OpenAIHow a reasoning model cracked an 80-year-old math problem — the OpenAI Podcast Ep. 20
CHAPTERS
Meet the reasoning research team and the path from Olympiads to OpenAI
Host Andrew Mayne introduces Alexander Wei, Hongxun Wu, and Lijie Chen and why this breakthrough felt like a “can’t sleep” moment. The guests describe their personal routes into reasoning research, including the shock of models reaching Olympiad-level performance and the career pull toward building smarter systems.
What IMO/IOI measure—and why inference-time compute changed the game
Alex explains the International Math Olympiad (IMO) and International Olympiad of Informatics (IOI) as historically hard benchmarks for AI. The conversation links recent leaps to test-time/inference-time compute: letting models “think longer,” explore alternatives, and self-correct before answering.
Beyond benchmarks: from IMO gold to ‘can it solve P vs NP?’
The guests contrast competition success with deeper research frontiers. Lijie argues that problems like P vs NP likely require building entirely new theory—potentially “many books” worth—highlighting what still feels out of reach even as problem-solving accelerates.
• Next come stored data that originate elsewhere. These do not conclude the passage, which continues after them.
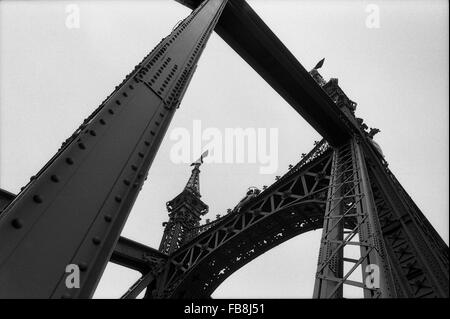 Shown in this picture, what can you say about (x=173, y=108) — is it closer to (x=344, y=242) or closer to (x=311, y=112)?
(x=344, y=242)

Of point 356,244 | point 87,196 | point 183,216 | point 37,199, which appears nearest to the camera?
point 37,199

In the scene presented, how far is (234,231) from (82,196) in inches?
564

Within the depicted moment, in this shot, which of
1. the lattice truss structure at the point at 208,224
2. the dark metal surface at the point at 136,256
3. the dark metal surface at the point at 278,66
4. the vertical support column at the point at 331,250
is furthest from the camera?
the dark metal surface at the point at 136,256

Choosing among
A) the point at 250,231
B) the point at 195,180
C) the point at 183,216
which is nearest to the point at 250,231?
the point at 250,231

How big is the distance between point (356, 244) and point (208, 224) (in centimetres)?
1329

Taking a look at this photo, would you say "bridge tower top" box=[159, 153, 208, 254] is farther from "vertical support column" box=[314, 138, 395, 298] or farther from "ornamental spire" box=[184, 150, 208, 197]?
"vertical support column" box=[314, 138, 395, 298]

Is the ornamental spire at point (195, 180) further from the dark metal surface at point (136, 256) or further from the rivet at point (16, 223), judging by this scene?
the rivet at point (16, 223)

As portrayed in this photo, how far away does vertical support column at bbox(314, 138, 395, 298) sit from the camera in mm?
5883

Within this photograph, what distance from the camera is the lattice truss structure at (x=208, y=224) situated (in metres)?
2.32

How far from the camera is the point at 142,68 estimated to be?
13.0 feet

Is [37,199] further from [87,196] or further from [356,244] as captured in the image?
[356,244]

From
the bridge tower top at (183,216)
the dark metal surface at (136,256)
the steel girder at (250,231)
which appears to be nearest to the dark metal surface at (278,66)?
the steel girder at (250,231)

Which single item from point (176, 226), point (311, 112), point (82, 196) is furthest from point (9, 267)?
point (176, 226)

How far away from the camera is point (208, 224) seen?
1969 cm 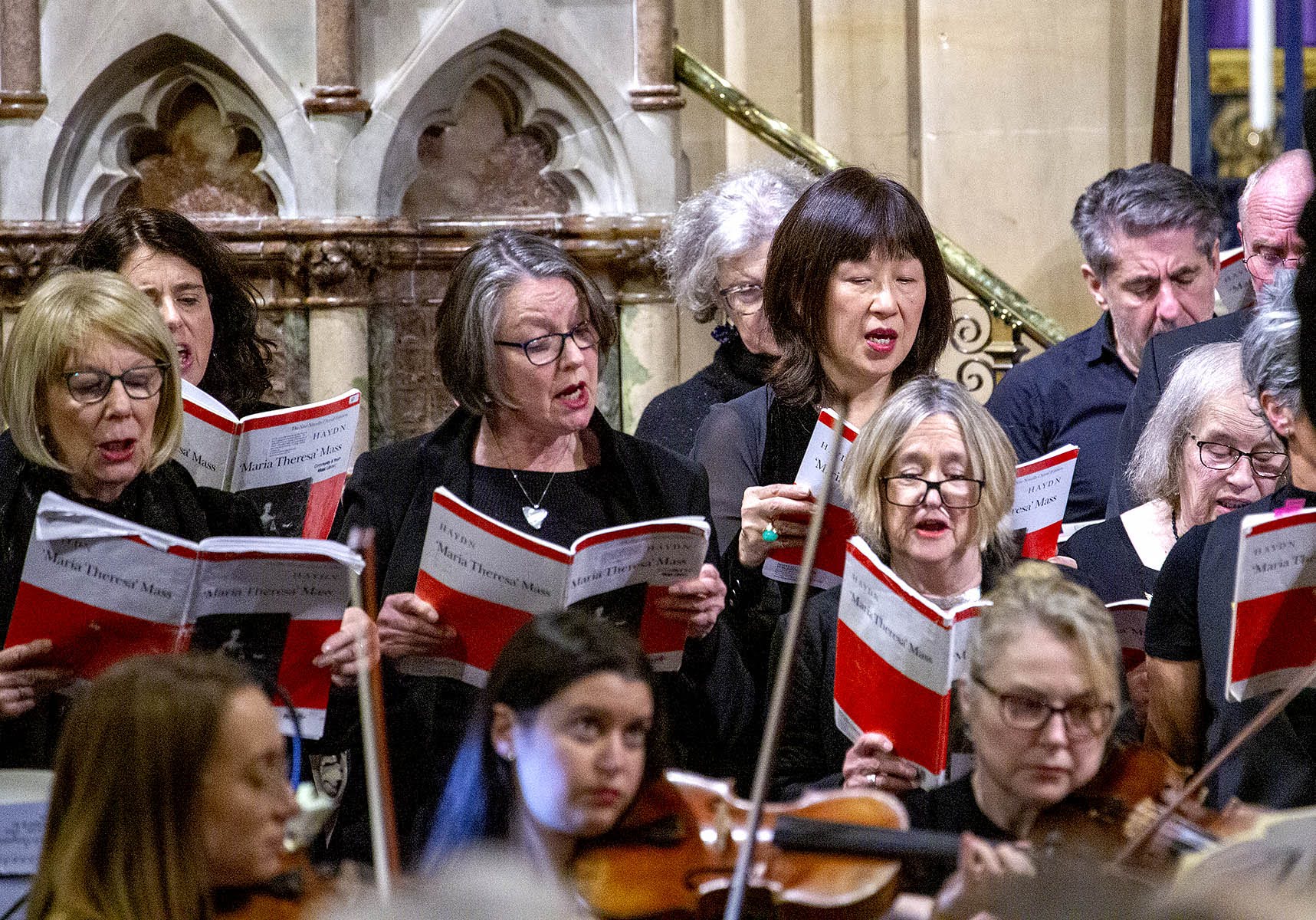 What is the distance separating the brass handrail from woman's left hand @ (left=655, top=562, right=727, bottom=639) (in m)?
2.38

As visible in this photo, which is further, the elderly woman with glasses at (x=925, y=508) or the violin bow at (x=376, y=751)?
the elderly woman with glasses at (x=925, y=508)

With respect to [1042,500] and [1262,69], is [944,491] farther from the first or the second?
[1262,69]

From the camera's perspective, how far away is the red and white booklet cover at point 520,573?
7.39 ft

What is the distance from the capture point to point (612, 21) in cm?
453

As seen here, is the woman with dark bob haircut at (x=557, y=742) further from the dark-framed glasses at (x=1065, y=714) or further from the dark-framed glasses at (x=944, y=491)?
the dark-framed glasses at (x=944, y=491)

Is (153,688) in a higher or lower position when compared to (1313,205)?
lower

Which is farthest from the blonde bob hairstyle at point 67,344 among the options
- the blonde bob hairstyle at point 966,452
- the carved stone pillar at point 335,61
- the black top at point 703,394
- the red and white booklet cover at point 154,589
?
the carved stone pillar at point 335,61

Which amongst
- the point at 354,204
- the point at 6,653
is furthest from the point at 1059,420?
the point at 6,653

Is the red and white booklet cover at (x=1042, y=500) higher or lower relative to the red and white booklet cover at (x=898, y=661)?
higher

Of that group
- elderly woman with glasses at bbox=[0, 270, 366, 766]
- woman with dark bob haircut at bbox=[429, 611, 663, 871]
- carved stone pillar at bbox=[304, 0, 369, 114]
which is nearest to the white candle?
woman with dark bob haircut at bbox=[429, 611, 663, 871]

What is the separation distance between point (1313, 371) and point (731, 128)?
12.2 feet

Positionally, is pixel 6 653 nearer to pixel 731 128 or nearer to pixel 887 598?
pixel 887 598

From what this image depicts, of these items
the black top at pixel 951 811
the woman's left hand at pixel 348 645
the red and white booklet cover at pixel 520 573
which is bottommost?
the black top at pixel 951 811

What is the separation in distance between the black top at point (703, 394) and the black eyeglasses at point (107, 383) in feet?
3.96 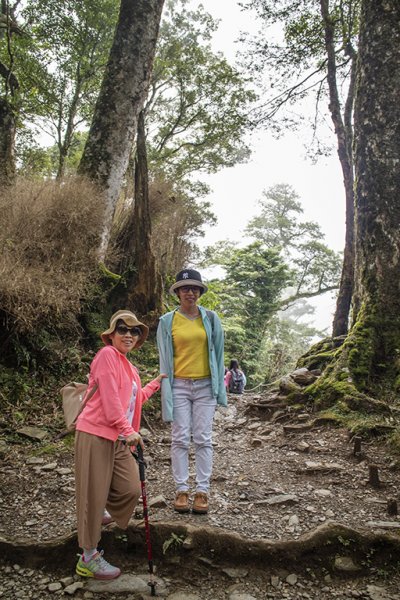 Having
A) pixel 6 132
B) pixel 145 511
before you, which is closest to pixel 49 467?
pixel 145 511

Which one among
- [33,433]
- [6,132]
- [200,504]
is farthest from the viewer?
[6,132]

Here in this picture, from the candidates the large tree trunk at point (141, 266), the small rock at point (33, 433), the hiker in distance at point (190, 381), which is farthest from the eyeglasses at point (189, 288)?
the large tree trunk at point (141, 266)

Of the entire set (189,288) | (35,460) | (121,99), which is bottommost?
(35,460)

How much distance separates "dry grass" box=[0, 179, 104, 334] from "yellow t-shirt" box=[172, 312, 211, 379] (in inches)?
94.4

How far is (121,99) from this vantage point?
8.21 meters

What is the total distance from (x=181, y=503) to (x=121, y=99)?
7577 mm

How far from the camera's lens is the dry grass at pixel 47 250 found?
5.23 metres

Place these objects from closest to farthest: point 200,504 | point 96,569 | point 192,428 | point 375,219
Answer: point 96,569, point 200,504, point 192,428, point 375,219

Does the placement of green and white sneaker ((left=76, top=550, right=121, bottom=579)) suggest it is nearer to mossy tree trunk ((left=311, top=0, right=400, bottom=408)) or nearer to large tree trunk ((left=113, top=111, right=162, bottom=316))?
mossy tree trunk ((left=311, top=0, right=400, bottom=408))

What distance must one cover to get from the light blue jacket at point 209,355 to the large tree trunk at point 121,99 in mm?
4299

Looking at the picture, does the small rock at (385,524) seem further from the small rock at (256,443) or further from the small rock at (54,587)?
the small rock at (256,443)

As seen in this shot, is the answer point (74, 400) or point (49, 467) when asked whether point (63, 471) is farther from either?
point (74, 400)

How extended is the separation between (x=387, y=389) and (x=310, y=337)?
35908 millimetres

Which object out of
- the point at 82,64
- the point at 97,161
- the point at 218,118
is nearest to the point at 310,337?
the point at 218,118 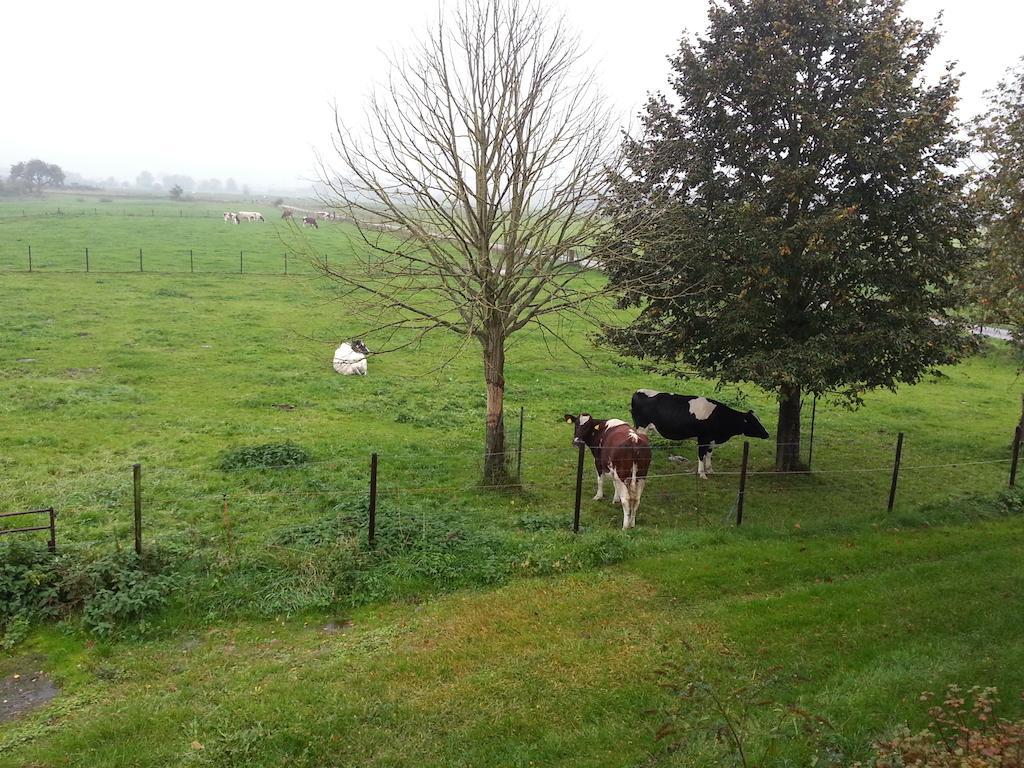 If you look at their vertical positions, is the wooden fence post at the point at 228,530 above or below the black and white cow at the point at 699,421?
below

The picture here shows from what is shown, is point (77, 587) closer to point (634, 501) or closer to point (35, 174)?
point (634, 501)

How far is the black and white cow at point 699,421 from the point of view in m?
16.1

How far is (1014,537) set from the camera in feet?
40.1

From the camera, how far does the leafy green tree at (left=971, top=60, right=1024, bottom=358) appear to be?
14.9m

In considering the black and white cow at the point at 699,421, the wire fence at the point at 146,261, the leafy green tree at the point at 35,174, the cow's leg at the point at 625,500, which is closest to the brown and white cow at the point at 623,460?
the cow's leg at the point at 625,500

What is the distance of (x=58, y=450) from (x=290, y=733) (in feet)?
34.1

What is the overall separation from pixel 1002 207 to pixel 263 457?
1566 cm

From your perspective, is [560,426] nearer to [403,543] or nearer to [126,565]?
[403,543]

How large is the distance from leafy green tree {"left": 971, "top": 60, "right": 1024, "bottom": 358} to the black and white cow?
5.35 metres

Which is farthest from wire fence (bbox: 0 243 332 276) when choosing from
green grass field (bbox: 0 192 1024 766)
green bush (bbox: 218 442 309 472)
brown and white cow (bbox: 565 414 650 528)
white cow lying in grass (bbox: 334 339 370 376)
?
brown and white cow (bbox: 565 414 650 528)

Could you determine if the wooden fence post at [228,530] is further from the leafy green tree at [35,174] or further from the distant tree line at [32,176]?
the leafy green tree at [35,174]

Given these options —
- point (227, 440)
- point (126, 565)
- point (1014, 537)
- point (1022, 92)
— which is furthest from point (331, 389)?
point (1022, 92)

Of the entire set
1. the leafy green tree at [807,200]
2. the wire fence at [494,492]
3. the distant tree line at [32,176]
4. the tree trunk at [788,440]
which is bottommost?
the wire fence at [494,492]

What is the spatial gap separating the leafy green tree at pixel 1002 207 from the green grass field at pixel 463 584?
3841mm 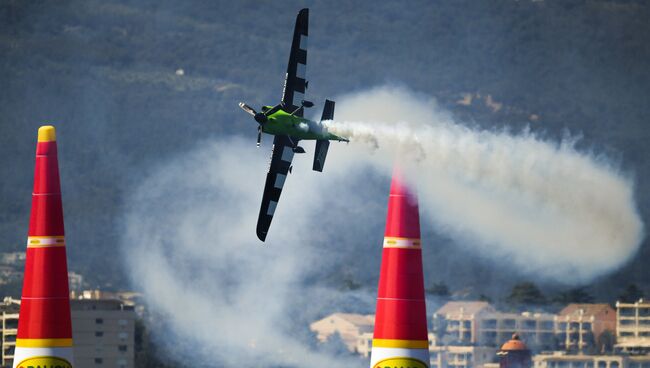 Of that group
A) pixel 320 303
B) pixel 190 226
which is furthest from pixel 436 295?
pixel 190 226

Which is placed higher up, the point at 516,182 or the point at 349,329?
the point at 516,182

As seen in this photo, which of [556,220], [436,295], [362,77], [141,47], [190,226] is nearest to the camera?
[556,220]

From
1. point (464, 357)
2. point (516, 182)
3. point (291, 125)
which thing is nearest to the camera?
point (291, 125)

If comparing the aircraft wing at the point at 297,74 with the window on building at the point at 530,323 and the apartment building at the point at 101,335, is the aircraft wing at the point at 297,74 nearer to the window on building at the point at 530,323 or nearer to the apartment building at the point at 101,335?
the window on building at the point at 530,323

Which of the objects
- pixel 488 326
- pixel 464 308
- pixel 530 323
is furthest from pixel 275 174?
pixel 464 308

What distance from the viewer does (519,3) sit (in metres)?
153

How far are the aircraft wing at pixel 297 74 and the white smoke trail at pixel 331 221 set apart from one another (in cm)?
184

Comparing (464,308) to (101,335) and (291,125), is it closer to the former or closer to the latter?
(101,335)

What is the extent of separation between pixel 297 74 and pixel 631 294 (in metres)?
31.2

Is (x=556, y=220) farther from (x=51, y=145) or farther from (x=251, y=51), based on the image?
(x=251, y=51)

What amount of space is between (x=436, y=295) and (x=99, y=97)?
86.0 meters

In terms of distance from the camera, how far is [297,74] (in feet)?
124

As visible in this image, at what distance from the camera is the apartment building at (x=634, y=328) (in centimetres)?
6081

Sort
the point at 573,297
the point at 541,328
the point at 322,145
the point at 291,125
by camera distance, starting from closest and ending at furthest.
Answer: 1. the point at 291,125
2. the point at 322,145
3. the point at 541,328
4. the point at 573,297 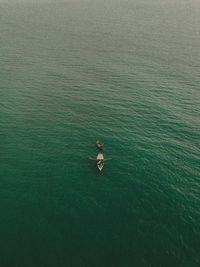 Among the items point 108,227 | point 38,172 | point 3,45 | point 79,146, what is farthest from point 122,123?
point 3,45

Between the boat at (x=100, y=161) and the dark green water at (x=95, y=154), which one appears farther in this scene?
the boat at (x=100, y=161)

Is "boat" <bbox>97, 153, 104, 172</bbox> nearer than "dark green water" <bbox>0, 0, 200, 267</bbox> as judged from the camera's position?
No

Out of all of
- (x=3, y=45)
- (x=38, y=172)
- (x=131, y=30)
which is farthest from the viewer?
(x=131, y=30)

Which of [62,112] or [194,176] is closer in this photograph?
[194,176]

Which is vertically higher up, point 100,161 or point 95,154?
point 95,154

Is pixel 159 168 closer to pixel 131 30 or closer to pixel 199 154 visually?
pixel 199 154

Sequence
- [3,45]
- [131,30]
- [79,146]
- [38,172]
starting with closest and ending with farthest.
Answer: [38,172] < [79,146] < [3,45] < [131,30]

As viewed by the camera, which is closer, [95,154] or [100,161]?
[100,161]

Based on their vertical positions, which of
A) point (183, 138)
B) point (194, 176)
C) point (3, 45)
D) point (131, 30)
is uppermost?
point (131, 30) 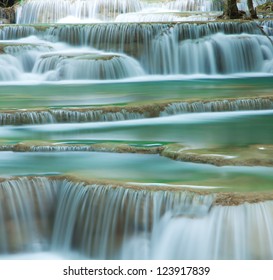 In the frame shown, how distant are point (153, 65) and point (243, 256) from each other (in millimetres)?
13186

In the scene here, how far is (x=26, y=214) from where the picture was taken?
910cm

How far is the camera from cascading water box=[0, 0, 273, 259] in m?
8.40

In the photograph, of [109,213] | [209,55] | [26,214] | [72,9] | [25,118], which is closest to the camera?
[109,213]

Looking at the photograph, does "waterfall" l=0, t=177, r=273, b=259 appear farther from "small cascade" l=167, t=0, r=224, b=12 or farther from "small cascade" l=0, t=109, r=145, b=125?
"small cascade" l=167, t=0, r=224, b=12

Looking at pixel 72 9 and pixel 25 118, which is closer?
pixel 25 118

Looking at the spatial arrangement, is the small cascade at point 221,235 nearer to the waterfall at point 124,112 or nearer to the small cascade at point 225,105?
the waterfall at point 124,112

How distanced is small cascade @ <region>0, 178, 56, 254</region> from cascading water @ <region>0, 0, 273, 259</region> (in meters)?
0.01

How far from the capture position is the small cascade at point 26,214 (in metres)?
8.94

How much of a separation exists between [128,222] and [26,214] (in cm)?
122

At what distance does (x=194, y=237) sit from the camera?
8.27 metres

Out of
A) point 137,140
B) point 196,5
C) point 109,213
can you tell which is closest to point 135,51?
point 196,5

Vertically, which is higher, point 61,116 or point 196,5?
point 196,5

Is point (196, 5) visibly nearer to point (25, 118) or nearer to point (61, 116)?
point (61, 116)

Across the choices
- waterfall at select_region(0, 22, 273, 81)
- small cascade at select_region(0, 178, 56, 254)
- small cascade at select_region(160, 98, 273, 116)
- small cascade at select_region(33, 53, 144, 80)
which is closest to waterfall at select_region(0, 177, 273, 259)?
small cascade at select_region(0, 178, 56, 254) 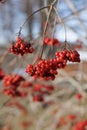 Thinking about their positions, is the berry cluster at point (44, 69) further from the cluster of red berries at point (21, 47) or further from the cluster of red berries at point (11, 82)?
the cluster of red berries at point (11, 82)

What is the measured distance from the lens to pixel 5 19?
2028 cm

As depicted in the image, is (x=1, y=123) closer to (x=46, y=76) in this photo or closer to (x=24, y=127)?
(x=24, y=127)

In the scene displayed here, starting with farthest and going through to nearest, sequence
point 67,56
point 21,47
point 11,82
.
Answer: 1. point 11,82
2. point 21,47
3. point 67,56

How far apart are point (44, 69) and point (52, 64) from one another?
52mm

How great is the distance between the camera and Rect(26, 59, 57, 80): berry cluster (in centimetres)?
219

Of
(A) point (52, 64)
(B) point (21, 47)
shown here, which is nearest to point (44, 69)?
(A) point (52, 64)

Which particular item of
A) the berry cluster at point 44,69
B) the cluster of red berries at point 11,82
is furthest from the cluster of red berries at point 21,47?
the cluster of red berries at point 11,82

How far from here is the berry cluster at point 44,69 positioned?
2.19 m

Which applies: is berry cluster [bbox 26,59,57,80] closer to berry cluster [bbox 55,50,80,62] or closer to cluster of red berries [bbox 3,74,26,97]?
berry cluster [bbox 55,50,80,62]

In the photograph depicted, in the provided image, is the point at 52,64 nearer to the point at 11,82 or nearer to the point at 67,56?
the point at 67,56

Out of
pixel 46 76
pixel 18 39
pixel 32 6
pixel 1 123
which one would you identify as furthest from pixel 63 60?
pixel 32 6

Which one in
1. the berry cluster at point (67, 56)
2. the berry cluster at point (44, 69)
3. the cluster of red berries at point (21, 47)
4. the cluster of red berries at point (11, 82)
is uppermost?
the cluster of red berries at point (11, 82)

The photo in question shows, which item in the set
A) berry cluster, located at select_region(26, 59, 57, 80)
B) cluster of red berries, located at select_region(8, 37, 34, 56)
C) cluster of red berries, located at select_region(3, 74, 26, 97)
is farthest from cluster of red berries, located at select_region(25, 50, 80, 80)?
cluster of red berries, located at select_region(3, 74, 26, 97)

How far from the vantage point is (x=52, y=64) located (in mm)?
2207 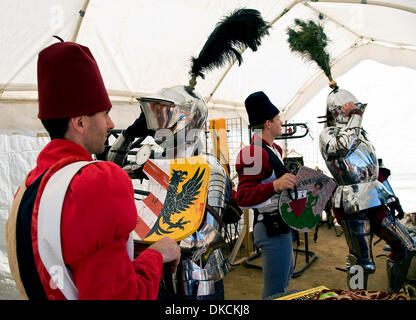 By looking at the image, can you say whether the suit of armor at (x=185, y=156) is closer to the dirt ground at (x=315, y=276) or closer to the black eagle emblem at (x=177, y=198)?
the black eagle emblem at (x=177, y=198)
The 80-year-old target: Erdős’ unit distance conjecture explained
The team describes the unit distance problem in combinatorial/discrete geometry: given n points in the plane, how many pairs can be exactly distance 1 apart, asymptotically? Erdős conjectured a square-grid arrangement was essentially optimal; the model produced a disproof and a better construction.
How they ran the experiment: prompting, parallel internal models, and validation
Hongxun and Lijie describe stress-testing model capability using a subset of Erdős problems rather than picking a single target. After seeing a plausible disproof, they used the model to sanity-check, then enlisted mathematicians inside the company for multi-day scrutiny until confidence grew.
Why general models matter: discovery without training to a single benchmark
The discussion emphasizes that this wasn’t a narrow ‘math-only’ system; it behaved like a general-purpose ChatGPT/Codex-style model. The guests argue that broad reasoning competence plus test-time compute can unlock research-level results, and that similar capability should become accessible to many users.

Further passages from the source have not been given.